▶ [PROVIDED RECORDS]
BEGIN
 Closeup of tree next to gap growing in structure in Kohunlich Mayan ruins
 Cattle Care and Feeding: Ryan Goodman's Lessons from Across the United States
END
BEGIN
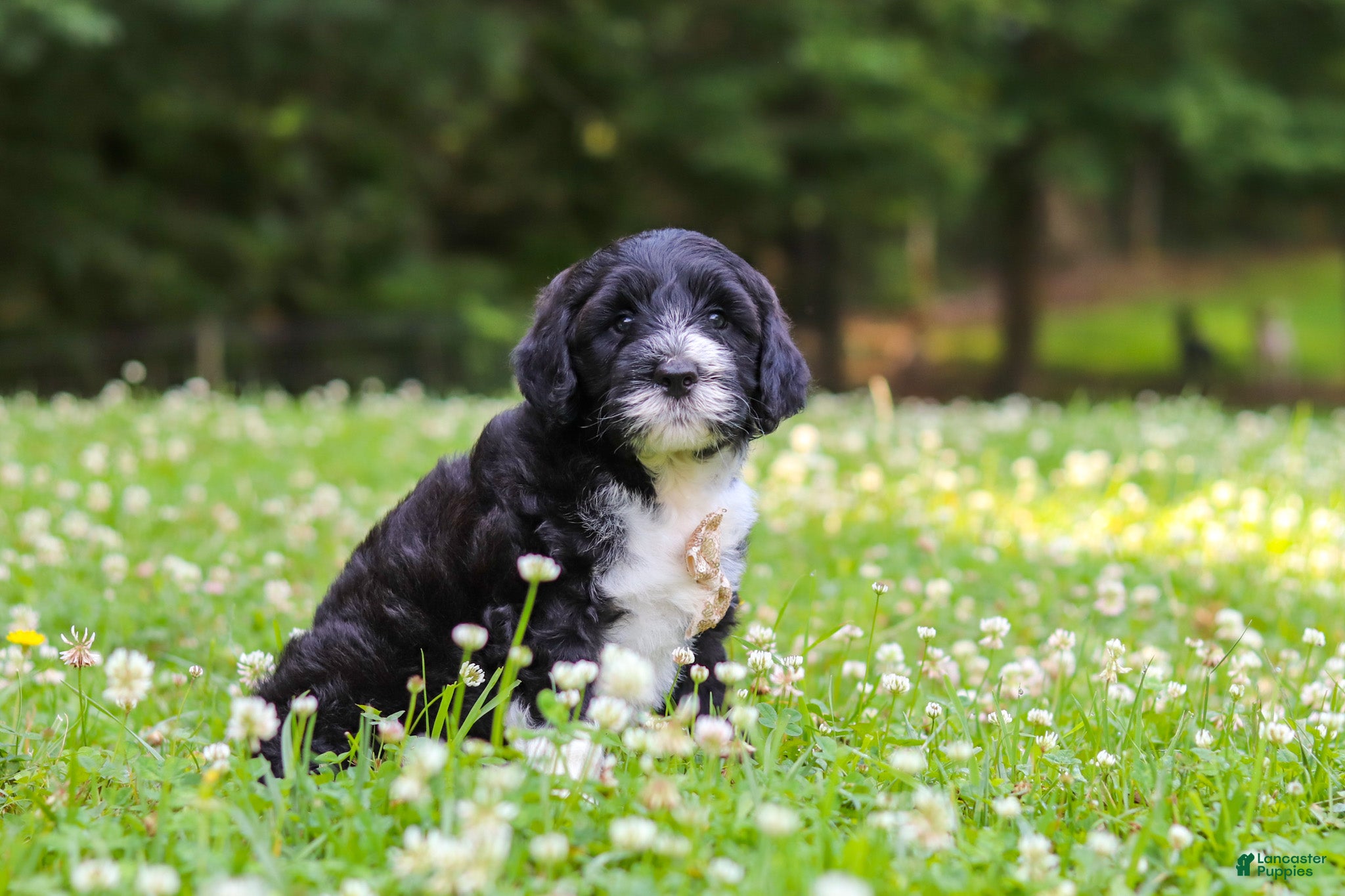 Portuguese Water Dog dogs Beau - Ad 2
END
BEGIN
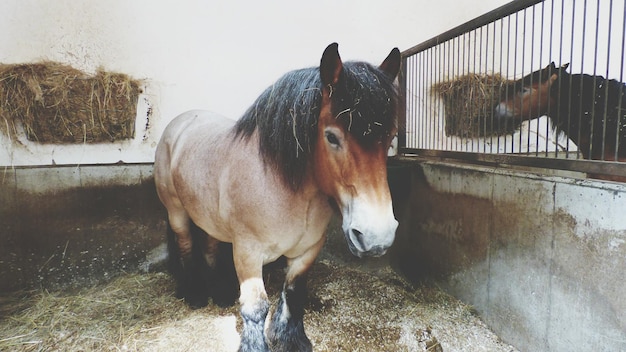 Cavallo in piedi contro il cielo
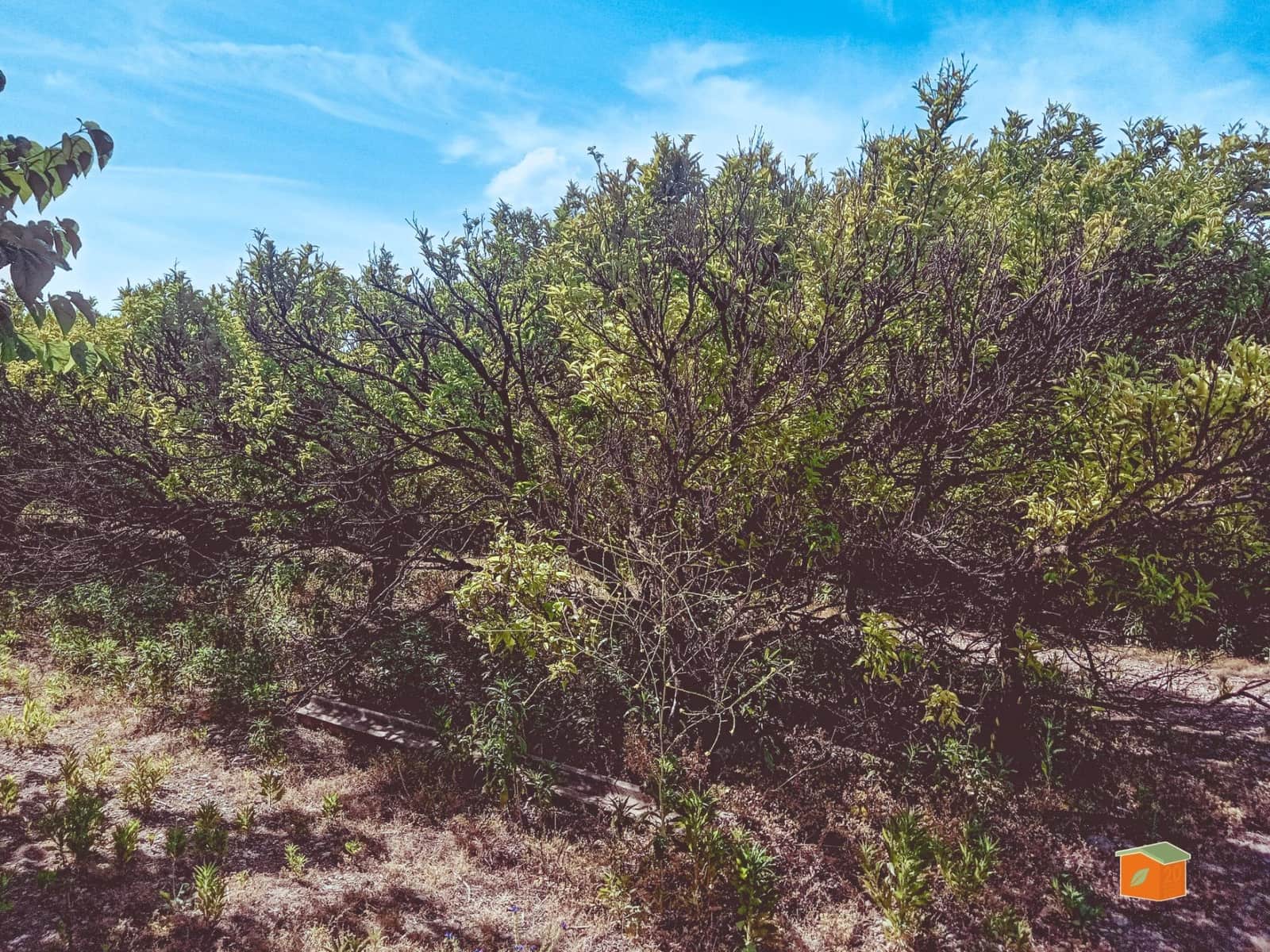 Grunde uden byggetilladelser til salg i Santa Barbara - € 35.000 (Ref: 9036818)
END
▶ [TASK PROMPT] Reproduce the entries above exactly, but only the lines between the line holding "Closeup of tree" and the line holding "Cattle Care and", inclusive.

▶ [PROBLEM SOLUTION]
 Closeup of tree next to gap growing in structure in Kohunlich Mayan ruins
 Cattle Care and Feeding: Ryan Goodman's Lessons from Across the United States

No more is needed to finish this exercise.